The governor's office is asking the state Legislature for $1.2 million to bail the State Fair out of debt in this year's budget proposal.
The state holds $770,000 in debt on the fair. By law the state may not make payments on an account that it cannot meet, so after funds dried up and the fair received additional vouchers to be paid, state Auditor Rich Sattgast stopped paying bills at the end of October.
The fair also ran up deficits in 2001 and 2002, but both those years the state Legislature jumped in to pay most of the difference.

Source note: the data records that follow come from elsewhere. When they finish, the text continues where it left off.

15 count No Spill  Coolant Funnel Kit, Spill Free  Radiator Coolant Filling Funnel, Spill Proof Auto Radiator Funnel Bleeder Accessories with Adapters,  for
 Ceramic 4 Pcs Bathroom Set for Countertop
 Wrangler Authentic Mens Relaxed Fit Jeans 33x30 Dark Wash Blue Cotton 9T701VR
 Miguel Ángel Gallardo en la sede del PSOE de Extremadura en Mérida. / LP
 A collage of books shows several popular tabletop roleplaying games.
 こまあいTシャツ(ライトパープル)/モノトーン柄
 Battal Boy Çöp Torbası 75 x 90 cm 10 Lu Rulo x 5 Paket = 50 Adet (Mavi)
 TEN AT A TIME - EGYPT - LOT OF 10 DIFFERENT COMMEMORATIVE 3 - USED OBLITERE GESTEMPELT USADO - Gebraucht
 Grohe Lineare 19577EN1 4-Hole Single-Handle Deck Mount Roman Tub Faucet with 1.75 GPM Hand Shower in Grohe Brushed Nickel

Since 1996 revenues from fair vendors have declined by 33 percent. In 2000, the state began to hold the fair in July, rather than its traditional weeklong run ending Labor Day, to avoid a scheduling conflict with the beginning of the school year. That led to a major drop in fair attendance, even though attendance this year was up 3 percent.
In 2003 the Legislature took authority over the fair from an appointed commission and gave it to Agriculture Secretary Larry Gabriel. Officials plan to move the fair back to its traditional dates in 2004 in an effort to revive the event. Gabriel also has plans to use the fairgrounds for other events, such as auto racing, to increase revenues throughout the year.
Meanwhile, some legislators have suggested abandoning the traditional fair and using one of the regional fairs in Sioux Falls or Rapid City, which are self-supporting, as the state fair.